An Arizona woman and TikTok influencer has been sentenced to more than eight years in prison for assisting North Korean IT workers in fraudulently obtaining remote jobs at over 300 U.S. companies.
Christina Marie Chapman, 50, received a 102-month prison sentence from a federal judge in Washington, D.C., after pleading guilty to wire fraud conspiracy, aggravated identity theft, and money laundering conspiracy.
In addition to the prison term, Chapman was sentenced to three years of supervised release. She was also ordered to forfeit over $284,000 and pay $176,850 in restitution.
Chapman ran a “laptop farm” to support North Korean operatives
According to U.S. authorities, Chapman played a key role in helping North Korean IT workers impersonate U.S. citizens to secure remote tech jobs.
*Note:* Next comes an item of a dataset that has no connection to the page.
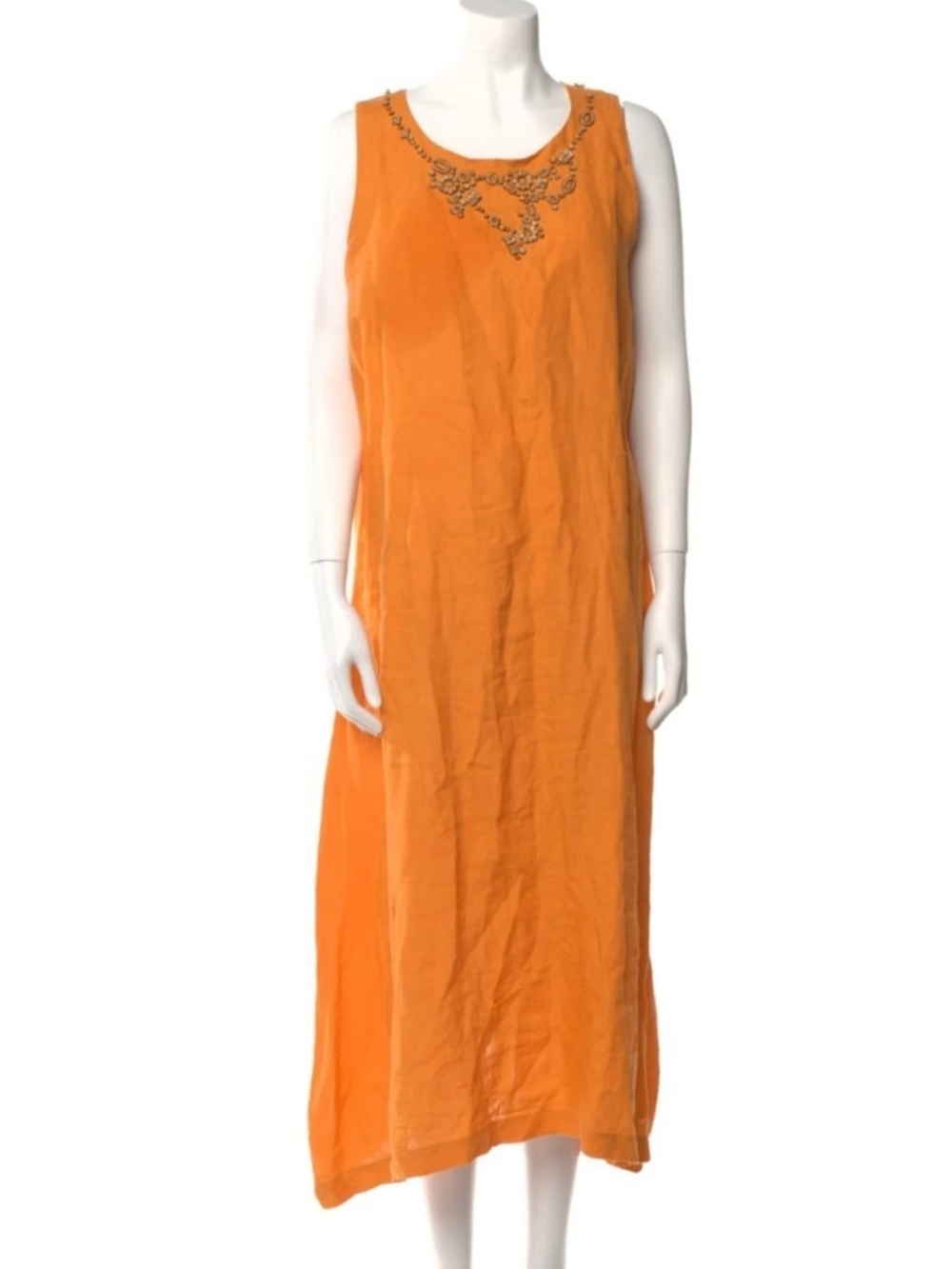 Sleeveless Orange Embellished Maxi Dress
Beginning around 2020, she operated a “laptop farm” out of her Arizona home, connecting computers—sent by American companies—to operatives located overseas. This setup allowed the foreign workers, primarily based in China and near the North Korean border, to disguise their true locations and appear as if they were working from within the United States.
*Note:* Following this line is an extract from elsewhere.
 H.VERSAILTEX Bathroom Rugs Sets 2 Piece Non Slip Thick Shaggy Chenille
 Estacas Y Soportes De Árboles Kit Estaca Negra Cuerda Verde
Investigators revealed that Chapman also shipped at least 49 devices to locations abroad, including a city near the China–North Korea border. When her home was searched in October 2023, authorities found over 90 laptops, many tagged with the names of Americans whose identities had been stolen or misused for fraudulent purposes.
What does the Department of Justice allege?
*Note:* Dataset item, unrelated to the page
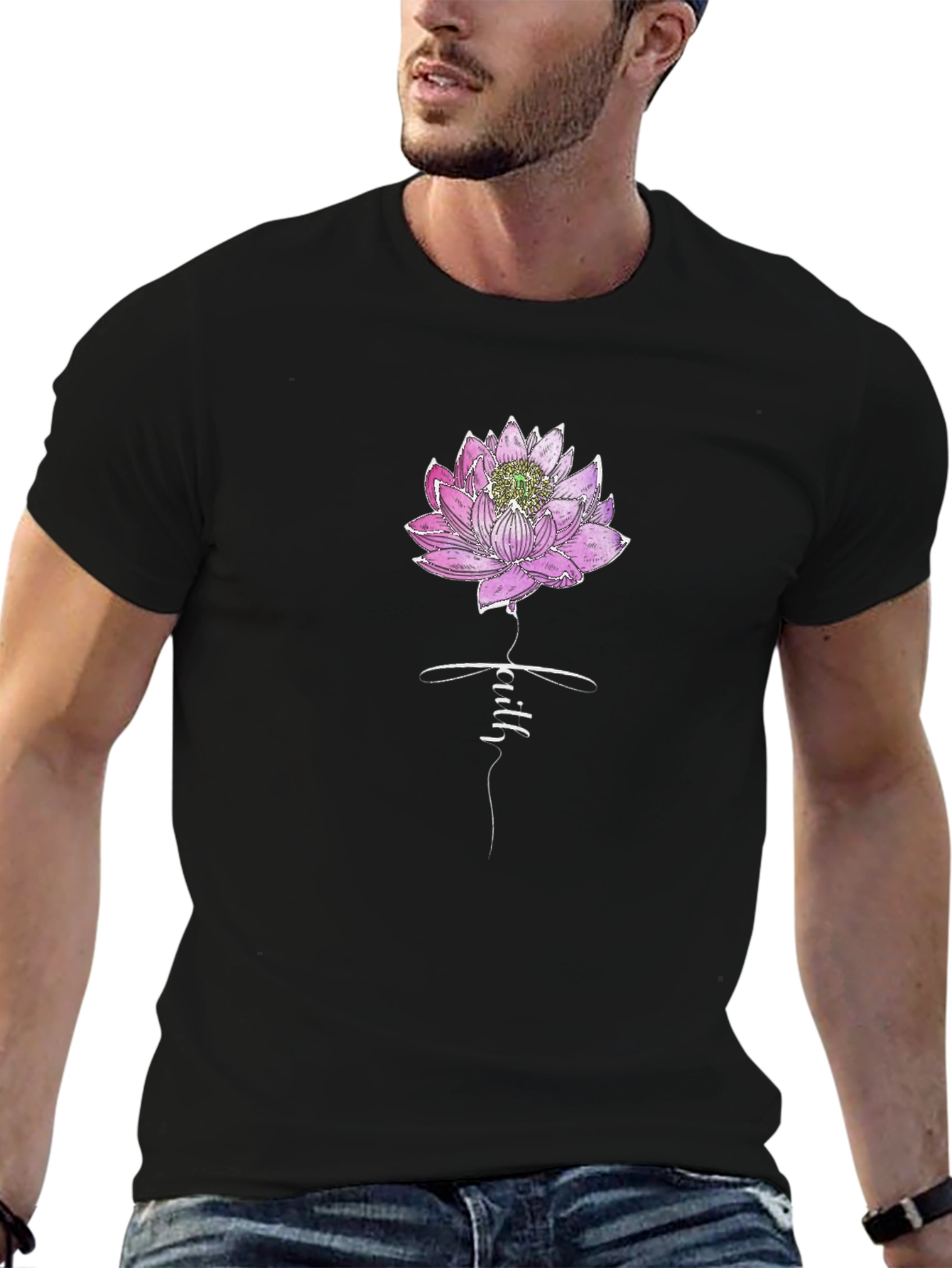 Faith Lotus Graphic Tee - Stylish Comfort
The Department of Justice has accused Christina Chapman of aiding North Korean IT workers in submitting fraudulent job applications using stolen U.S. identities, collecting wages through American banks, and laundering the proceeds through her own financial accounts.
According to prosecutors, Chapman forged payroll checks and received direct deposits from companies that were unaware they had hired foreign operatives. She then funneled the earnings overseas while falsely reporting the income to the IRS and Social Security Administration under the names of unsuspecting U.S. victims.
Authorities say Chapman’s actions helped generate more than $17 million in illicit revenue for herself and the Democratic People’s Republic of Korea (DPRK). Her activities also posed a serious national security threat by giving North Korean operatives virtual access to sensitive sectors—including Fortune 500 companies, U.S. government agencies, aerospace contractors, and major Silicon Valley tech firms.
Chapman’s operation, active for several years, was one of the largest U.S.-based schemes linked to North Korea’s global cyber infiltration efforts. Investigators found that at least 68 stolen identities were used to deceive 309 U.S. businesses and two international firms. Some fraudulent job applications even targeted U.S. government entities, though those attempts were ultimately unsuccessful.
The DOJ’s investigation revealed that Chapman not only ran the technical side of the operation—managing a network of devices tied to fake identities—but also kept meticulous records matching each laptop to a specific company and stolen identity.
“Today’s sentencing brings justice to the victims whose identities were stolen for this international fraud scheme,” said IRS Criminal Investigation Special Agent in Charge Carissa Messick.
Crypto industry remains at risk
Over the years, North Korea has funneled billions of dollars in stolen cryptocurrency to support its heavily sanctioned weapons programs.
U.S. intelligence and independent investigations have revealed that the DPRK employs thousands of skilled IT professionals abroad, many of whom use VPNs, forged documents, and stolen identities to infiltrate Western companies under false pretenses.
A 2024 report by Chainalysis found that North Korea-linked hackers stole an estimated $1.34 billion in cryptocurrency that year alone. The crypto sector has become a prime target due to its decentralized structure and relatively lenient remote hiring practices.
In response, U.S. agencies have ramped up efforts to dismantle North Korea’s global IT infiltration network by going after its infrastructure and key operatives.
Still, officials warn that hundreds of DPRK-affiliated workers remain embedded in companies around the world, particularly within the cryptocurrency industry.